Untargeted Metabolomic Analysis of Amniotic Fluid in the Prediction of Preterm Delivery and Bronchopulmonary Dysplasia

Abstract

Objective: Bronchopulmonary dysplasia (BPD) is a serious complication associated with preterm birth. A growing body of evidence suggests a role for prenatal factors in its pathogenesis. Metabolomics allows simultaneous characterization of low molecular weight compounds and may provide a picture of such a complex condition. The aim of this study was to evaluate whether an unbiased metabolomic analysis of amniotic fluid (AF) can be used to investigate the risk of spontaneous preterm delivery (PTD) and BPD development in the offspring.

Study design: We conducted an exploratory study on 32 infants born from mothers who had undergone an amniocentesis between 21 and 28 gestational weeks because of spontaneous preterm labor with intact membranes. The AF samples underwent untargeted metabolomic analysis using mass spectrometry combined with ultra-performance liquid chromatography.
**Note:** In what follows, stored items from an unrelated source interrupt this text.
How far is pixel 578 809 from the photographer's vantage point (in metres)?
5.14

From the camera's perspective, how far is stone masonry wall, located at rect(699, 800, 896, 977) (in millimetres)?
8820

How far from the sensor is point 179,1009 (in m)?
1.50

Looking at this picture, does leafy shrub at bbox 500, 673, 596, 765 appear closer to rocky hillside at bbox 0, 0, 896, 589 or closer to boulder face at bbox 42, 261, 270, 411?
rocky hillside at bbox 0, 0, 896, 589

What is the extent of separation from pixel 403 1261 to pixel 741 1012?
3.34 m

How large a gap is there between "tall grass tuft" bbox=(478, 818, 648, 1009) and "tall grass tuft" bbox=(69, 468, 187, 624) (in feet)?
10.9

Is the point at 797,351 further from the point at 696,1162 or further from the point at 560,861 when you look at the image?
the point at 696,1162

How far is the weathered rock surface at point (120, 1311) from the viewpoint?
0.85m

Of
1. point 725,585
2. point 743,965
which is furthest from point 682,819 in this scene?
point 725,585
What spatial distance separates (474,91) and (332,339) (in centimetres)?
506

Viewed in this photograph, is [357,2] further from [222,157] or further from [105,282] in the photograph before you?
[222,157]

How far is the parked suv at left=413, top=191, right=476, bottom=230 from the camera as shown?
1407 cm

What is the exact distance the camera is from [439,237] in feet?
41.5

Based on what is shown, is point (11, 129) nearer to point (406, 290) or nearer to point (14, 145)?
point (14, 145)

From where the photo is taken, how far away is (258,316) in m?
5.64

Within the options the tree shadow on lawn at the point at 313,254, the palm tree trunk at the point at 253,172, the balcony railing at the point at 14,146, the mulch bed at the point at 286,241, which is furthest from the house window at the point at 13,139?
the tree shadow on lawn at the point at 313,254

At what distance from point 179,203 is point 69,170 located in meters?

The data obtained were analyzed using multivariate and univariate statistical data analysis tools.

Results: Orthogonally Constrained Projection to Latent Structures-Discriminant Analysis (oCPLS2-DA) excluded effects on data modelling of crucial clinical variables. oCPLS2-DA was able to find unique differences in select metabolites between term (n = 11) and preterm (n = 13) deliveries (negative ionization data set: R2 = 0.47, mean AUC ROC in prediction = 0.65; positive ionization data set: R2 = 0.47, mean AUC ROC in prediction = 0.70), and between PTD followed by the development of BPD (n = 10), and PTD without BPD (n = 11) (negative data set: R2 = 0.48, mean AUC ROC in prediction = 0.73; positive data set: R2 = 0.55, mean AUC ROC in prediction = 0.71).
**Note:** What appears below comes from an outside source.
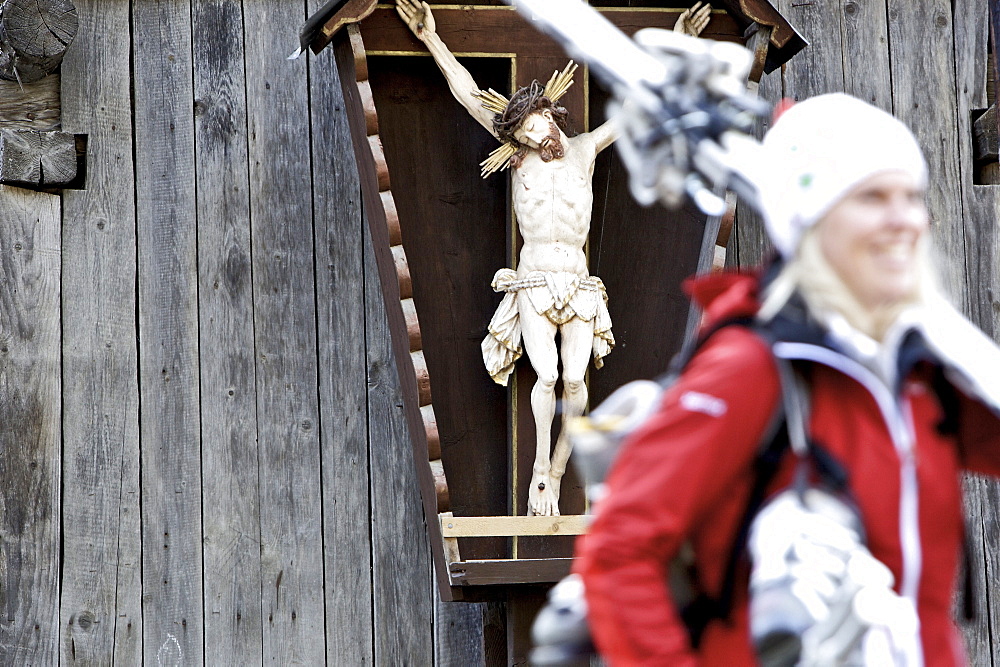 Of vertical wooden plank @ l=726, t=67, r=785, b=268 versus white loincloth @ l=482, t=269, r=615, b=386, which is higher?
vertical wooden plank @ l=726, t=67, r=785, b=268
Conclusions: This study suggests that amniotic fluid metabolic profiling may be promising for identifying spontaneous preterm birth and fetuses at risk for developing BPD. These findings support the hypothesis that some prenatal metabolic dysregulations may play a key role in the pathogenesis of PTD and the development of BPD.
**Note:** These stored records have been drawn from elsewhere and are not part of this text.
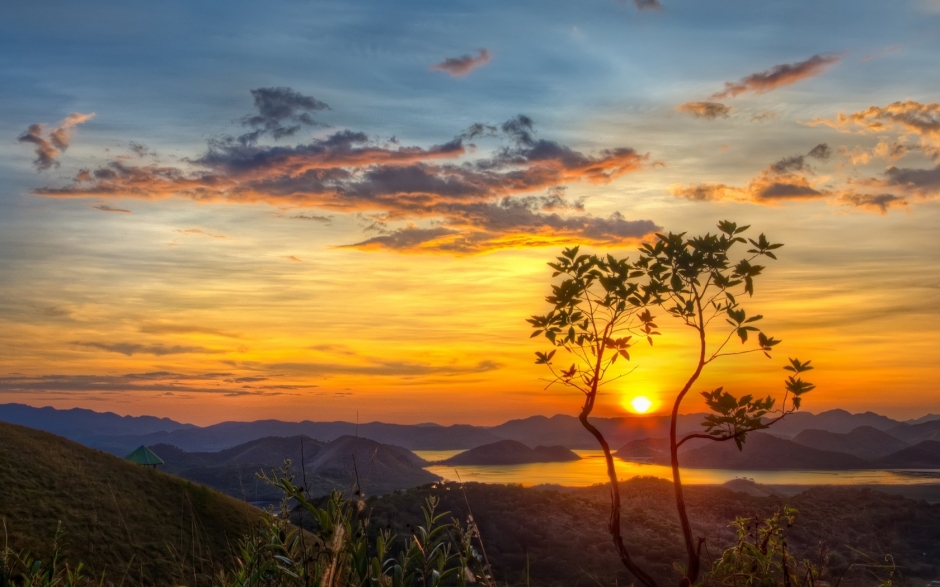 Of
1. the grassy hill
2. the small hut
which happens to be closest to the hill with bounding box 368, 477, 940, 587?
the grassy hill

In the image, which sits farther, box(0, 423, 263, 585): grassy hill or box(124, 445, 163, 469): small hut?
box(124, 445, 163, 469): small hut

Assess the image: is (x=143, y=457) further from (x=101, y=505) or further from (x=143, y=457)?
(x=101, y=505)

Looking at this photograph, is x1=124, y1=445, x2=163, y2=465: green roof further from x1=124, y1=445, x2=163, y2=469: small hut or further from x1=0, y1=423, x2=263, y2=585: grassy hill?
x1=0, y1=423, x2=263, y2=585: grassy hill

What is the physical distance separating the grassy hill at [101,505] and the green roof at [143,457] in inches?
195

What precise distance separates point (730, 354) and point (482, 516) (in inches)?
1944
Fig 1. Chromatographic profiles of an amniotic fluid sample, derived from the reverse-phase column HSS T3, with both positive and negative ionization mode.

Fig 2

oCPLS2-DA model for PTD group versus TD group (negative data set); A: score scatter plot after post-transformation of the model (PTD are reported as grey triangles while TD as open triangles); B: ROC curve of the model, calculated by 7-folds full cross-validation.

Fig 3

oCPLS2-DA model for PTD with BPD versus PTD without BPD (negative data set); A: score scatter plot of the model (PTD with BPD are reported as black triangles, PTD without BPD as grey triangles); B: ROC curve of the model, calculated by 7-folds full cross-validation.